Lo curioso es que la infalibilidad pontificia –instaurada en el Concilio Vaticano I en 1870– no se aprobó por unanimidad. Fue paliza (435 a 2) pero no fue decisión unánime, y hay que considerar además que muchos obispos huyeron del Vaticano días antes de la votación para no aceptar lo inaceptable, pero tampoco oponerse en público. Sabia decisión, porque posteriormente los opositores al dogma fueron excomulgados. Así, Pío IX fue el primer Papa infalible, los anteriores no lo eran, y todos los que le siguieron, sí. El problema en el que gratuitamente se mete esta gente es el de justificar ese absurdo. Quedaría más elegante si dijeran “porque me da la gana y yo mando”. Pero no, se ven en la obligación de recurrir a –no hay más alternativa– la Biblia, y ahí sí que es difícil contener la risa. Copio a continuación las citas bíblicas en las que, oficialmente, se basa el dogma de la infalibilidad papal. Algunas traen hasta comentario “clarificador”.

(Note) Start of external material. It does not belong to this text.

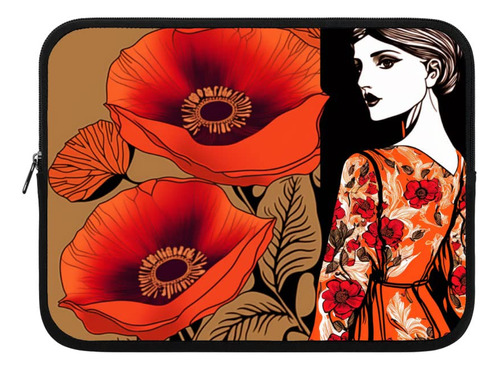 Funda Para iPad Estampado Mujer Tableta Floral Estuche 10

§                     Jn 1:42; Mc 3:16 («Y le llevó donde Jesús. Jesús, fijando su mirada en él, le dijo: “Tú eres Simón, el hijo de Juan. Te llamarás Cefas”, que quiere decir ‘piedra’».).
§                     Mt 16:18 («Y yo a mi vez te digo que tú eres Pedro, y sobre esta piedra edificaré mi Iglesia, y las puertas del Infierno no prevalecerán contra ella»;
§                     Jn 16:13 («Cuando venga él, el Espíritu de la verdad, os guiará hasta la verdad completa»).

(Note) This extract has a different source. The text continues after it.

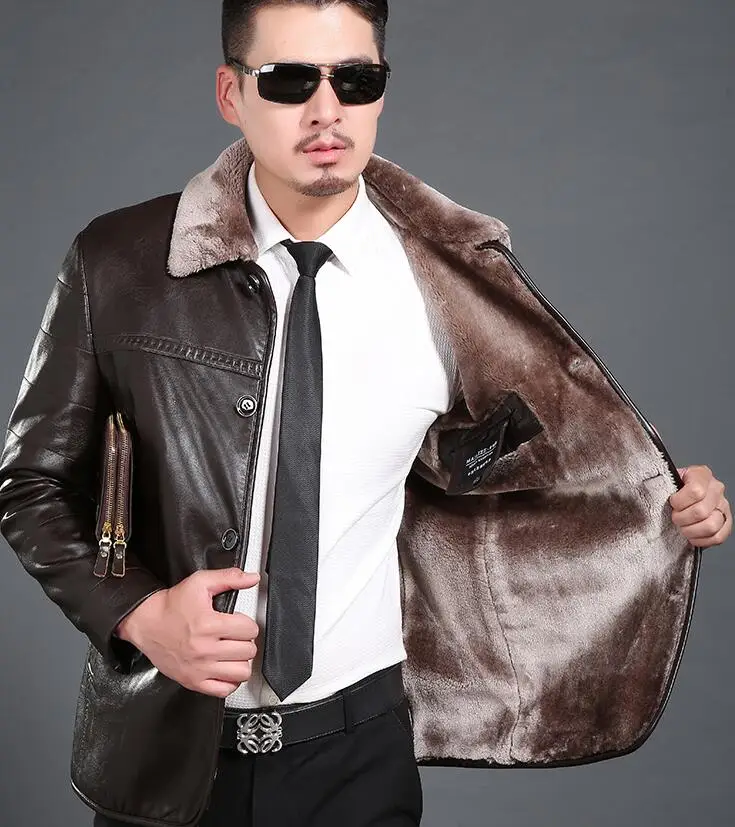Лидер продаж, зимняя мужская новая модная куртка из овечьей кожи, меховое пальто и пальто для отдыха, развивающая свою мораль/M-XXXL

§                     Jn 14:26 («Pero el Paráclito, el Espíritu Santo, que el Padre enviará en mi nombre, se los enseñará todo y les recordará todo lo que yo les he dicho»).
§                     Jn 21:15-17 («Dice Jesús a Simón Pedro: “Simón, hijo de Juan, ¿me amas más que estos?”. Le dice él: “Sí, Señor, tú sabes que te quiero”. Le dice Jesús: “Apacienta mis corderos”». Jesucristo repite esto tres veces).
§                     Lc 10:16 («Quien a ustedes escucha, a mí me escucha; y quien a ustedes rechaza, a mí me rechaza; y quien me rechaza a mí, rechaza al que me ha enviado»).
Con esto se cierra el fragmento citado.